I have set it up and have figured out most of the functions/settings except the hold function. I have tried holding the 'down' button on parent unit until a 'H' flashes as the instuctions say but nothing happens. Hope this makes some sense! Im i doing it wrong or missing something obvious? It would be a pain to have to turn it off everytime baby has to come out the cot for feed etc.

Any help much appreciated!
Lou


----------



## bathbabe

Can i just ask, why would it be a pain? If the baby is in with you then you only use the one part attached to the sensor mat, so you just need to push the 'wing' down to off, and if the baby is in another room you just have to hold the power button on the parent unit and then push the 'wing' down on the one in the babies room when you go in?
Hardly a faff :shrug:
I didnt even know it had a hold function, i didnt even know it existed till someone mentioned it in here the other day, iv certainly never needed to use it.

I hope this is comming across the right way, im just saying its not much of an issue


----------



## Mrs Mayhem

We use the hold function all the time when she isn't in the cot, its on hold all day!! So long as the H is flashing, it's on hold so no alarm will go off or anything


----------



## Crannog

Seems you are doing it right. Hold the down arrow and a H should flash. To release hold again. It should beep every couple of seconds to show you hold is still on. I prefer to turn it off and on as I find the beep annoying.


----------



## sunshine114

:shrug: I didn't know you could do it.... we just turn it off...


----------



## Amyface

Are you trying with the monitor set to use the movement function? If you're just trying it to have a mess about and have turned the movement off then hold doesn't work as it only works when movement is set to "on". Other than that, I'm not sure what the problem is :)


----------



## Lou1

bathbabe - you're prob right when you put it like that isnt hard! but because i know its ment to be able to be able to be put on hold id like to know how.

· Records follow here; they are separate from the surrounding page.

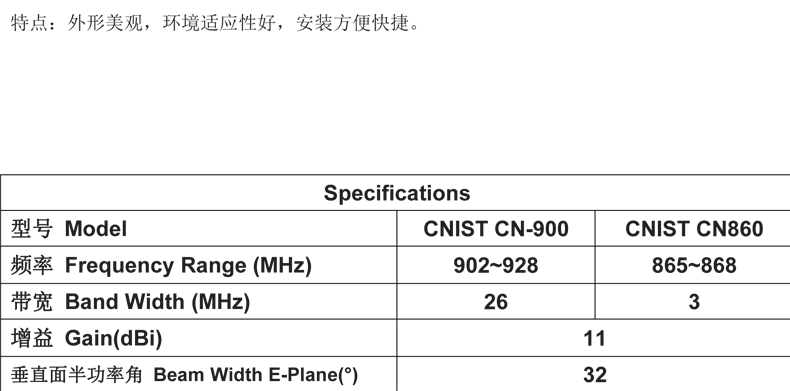 CNIST 12dbi天线(图5)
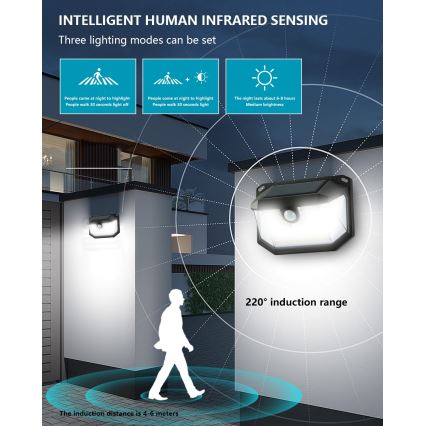 LED Solarno zidno svetlo sa senzorom LED/4W/5,5V IP65 1200 mAh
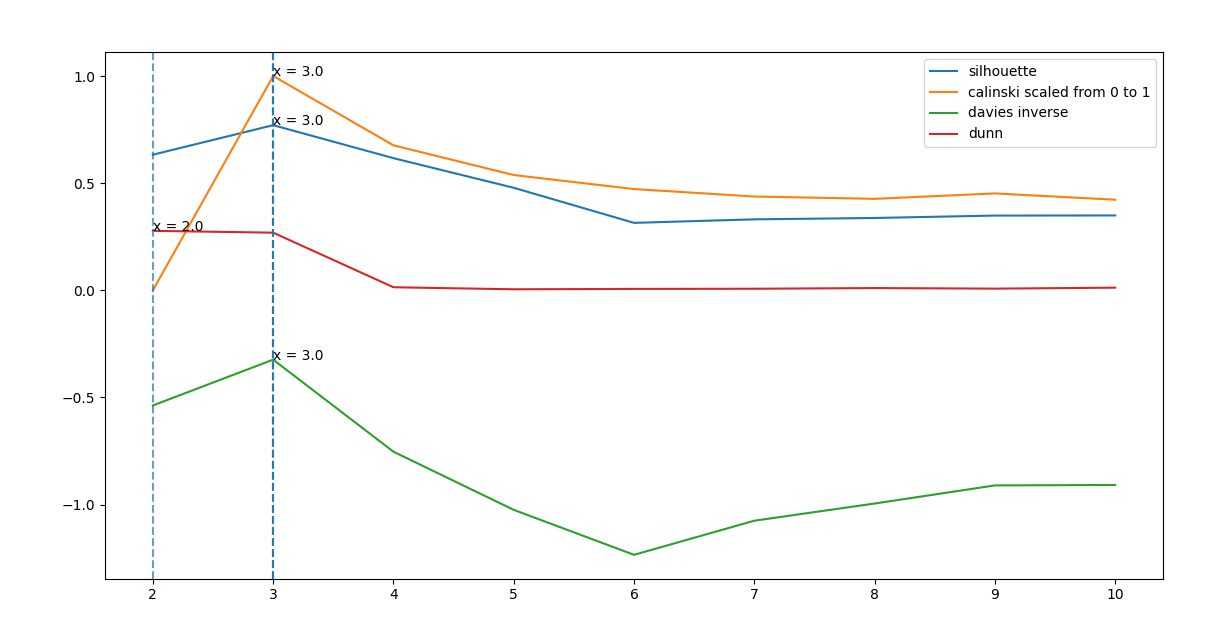 Expected result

crannog - think thats what ive been doing but no luck. ill give the company a ring in the morn, im sure its some setting ive got on thats not allowing me to put it on hold. 

thanks for replies, lou xx


----------



## Learnermum

I always use the hold function on mine... Just to check you are pressing and holding the down arrow for a few seconds, not just repeatedly pressing (as my sleep addled brain did the first few times and wondered why the alarm was going off!) other than that it might be that it's not detecing movement and is clever in some way and doesn't activate the hold?


----------